▶ **DESCRIPTION OF THE TASK**: The entries below need to be written out exactly, with no pictures included.

▶ **RECORDS SHOWN**:
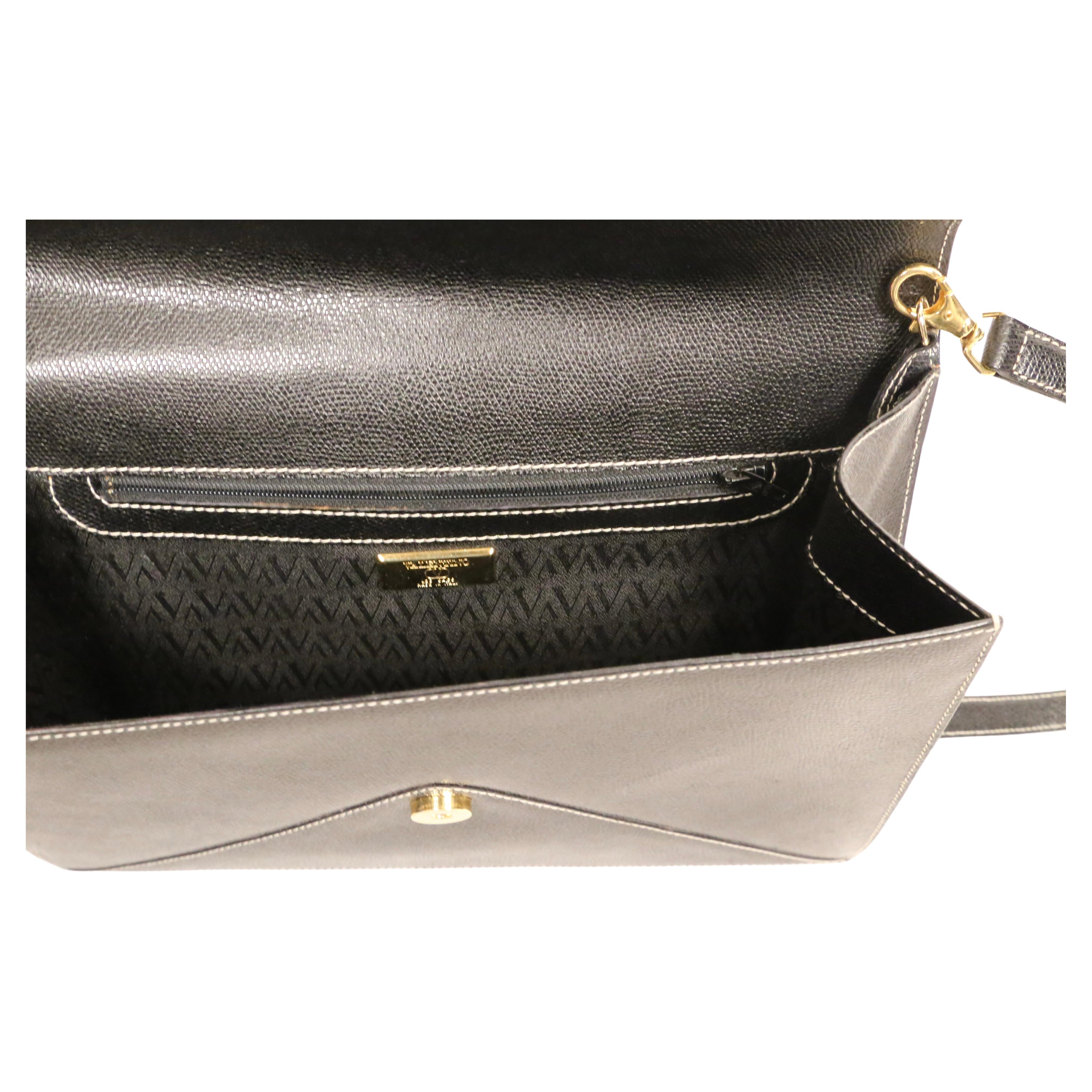  1990's VALENTINO black textured leather convertible 'envelope' clutch bag For Sale 2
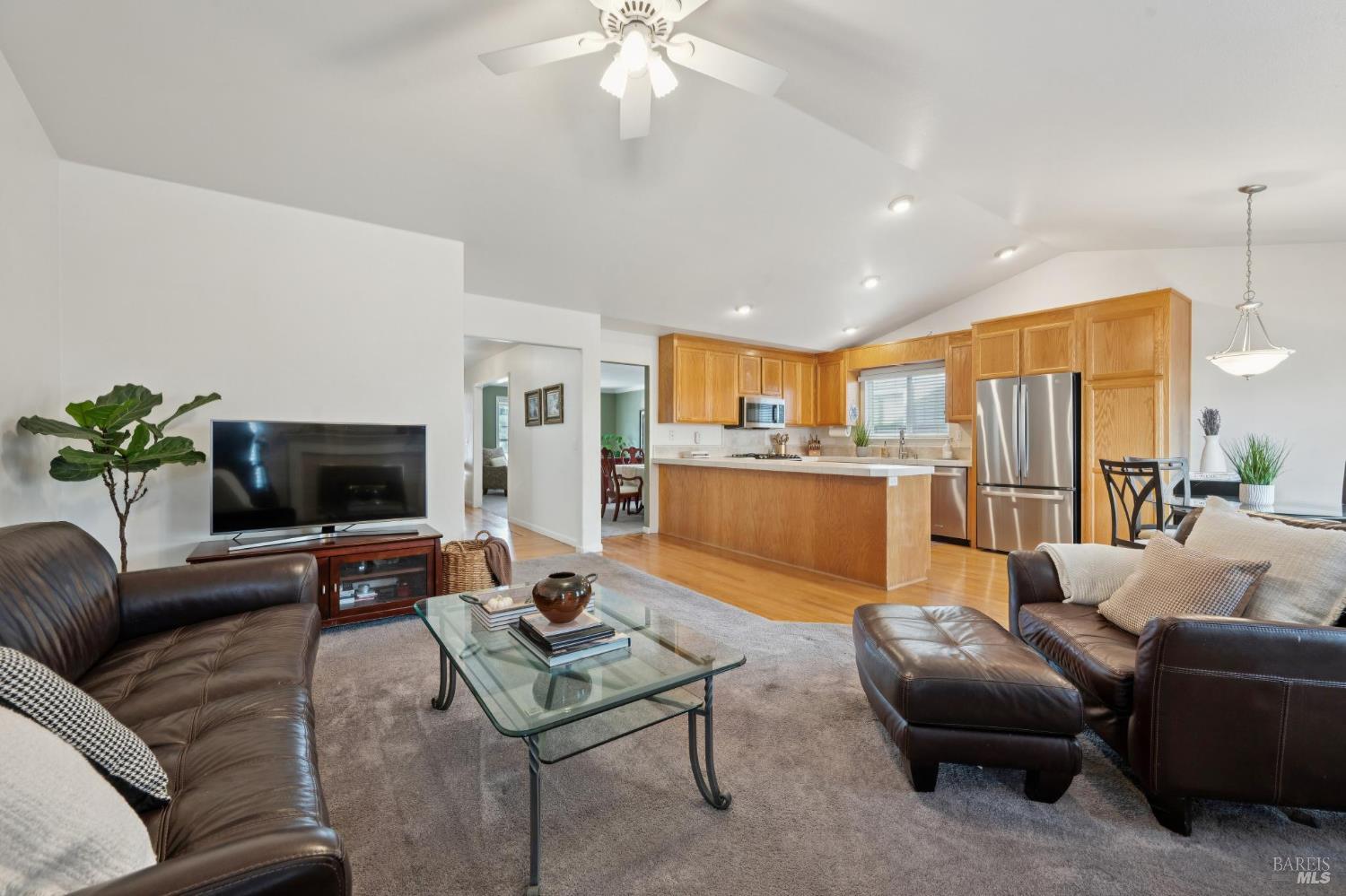 9830 Marcella Lane Windsor, CA 95492 - Photo 17 of 40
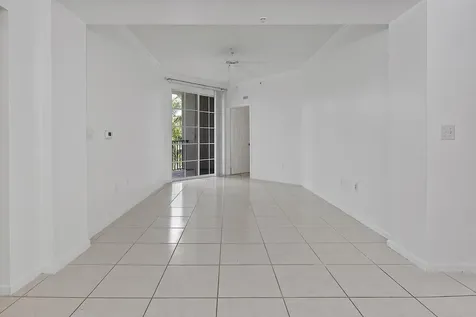 533 NE 3rd Avenue Fort Lauderdale FL 33301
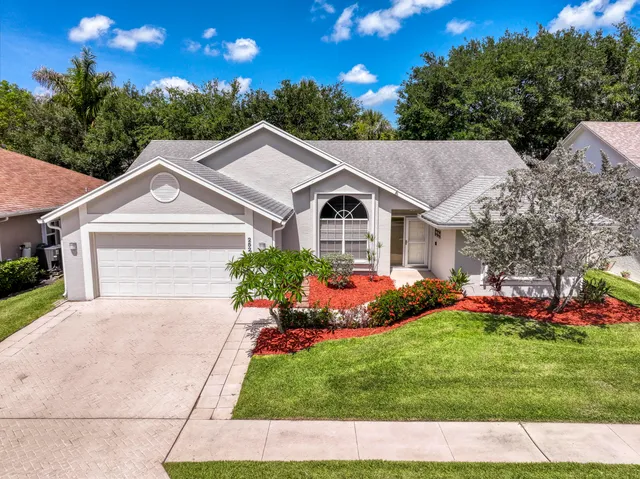 3-bedroom home at 252 Moccasin Trail W, Jupiter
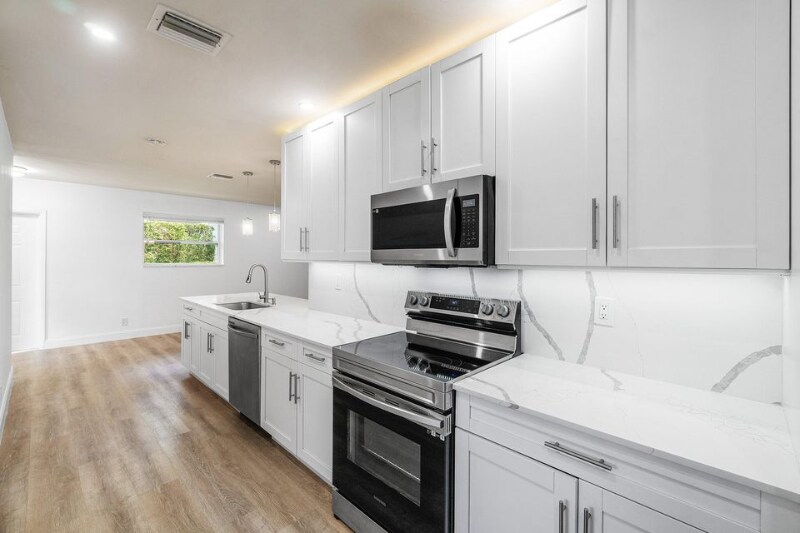 Building Photo - 434 SW 9th St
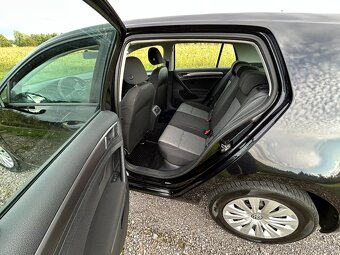 Prodám VW Golf 7 1,2 NAVI - 8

▶ **ANSWER AREA**:
  1990's VALENTINO black textured leather convertible 'envelope' clutch bag For Sale 2
 9830 Marcella Lane Windsor, CA 95492 - Photo 17 of 40
 533 NE 3rd Avenue Fort Lauderdale FL 33301
 3-bedroom home at 252 Moccasin Trail W, Jupiter
 Building Photo - 434 SW 9th St
 Prodám VW Golf 7 1,2 NAVI - 8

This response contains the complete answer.